3. The "Fractal" Geometry of Chaos

The researchers used a mathematical tool called multifractal analysis.

• The Analogy: Imagine looking at a coastline. From far away, it looks like a line. Up close, it's jagged. Up closer, it's full of bays and rocks. A "fractal" is a shape that looks complex at every level of zoom.
• The Finding: In a single liquid, the "roughness" of the energy distribution is fairly consistent. But in a liquid mix, the geometry of the chaos changes completely at the smallest scales.
  • The "roughness" becomes much more extreme.
  • The most violent energy events aren't spread out evenly; they are concentrated on very thin, thread-like structures (like the neck of a droplet right before it snaps).
  • The paper describes these intense events as being supported on "sparse structures," meaning they are rare, isolated, and incredibly sharp, rather than a general fog of turbulence.

4. The Prediction Machine

The researchers didn't just observe this; they proved they could predict it.

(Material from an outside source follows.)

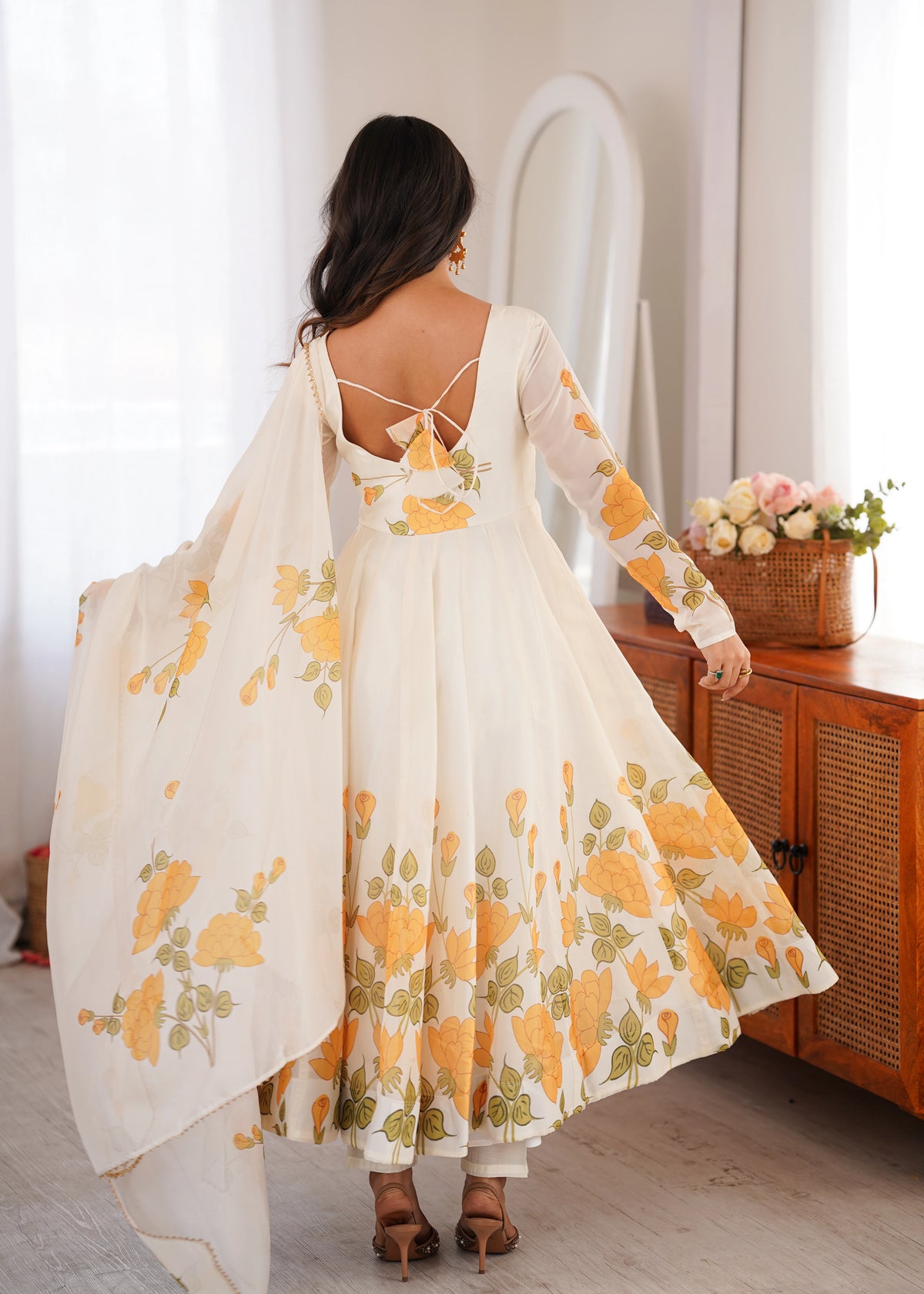Woman in a floral dress standing in a bright room with a wooden cabinet and flowers.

• They used the mathematical "shape" of the chaos (the singularity spectrum) to predict exactly how often these extreme, tiny events would happen.
• The Result: When they looked at the "near" and "sub-Kolmogorov" zones (the deep, tiny scales), their predictions matched the computer simulations perfectly. This confirms that the strange, extreme behavior is a direct result of the liquid interfaces breaking and merging.

The Bottom Line

The paper concludes that when you mix two liquids, the turbulence doesn't just get "a little messier." The act of droplets breaking and merging fundamentally rewrites the rules of the smallest scales. It creates a new, distinct type of chaotic geometry where the most violent energy events are locked into thin, thread-like regions at the interface.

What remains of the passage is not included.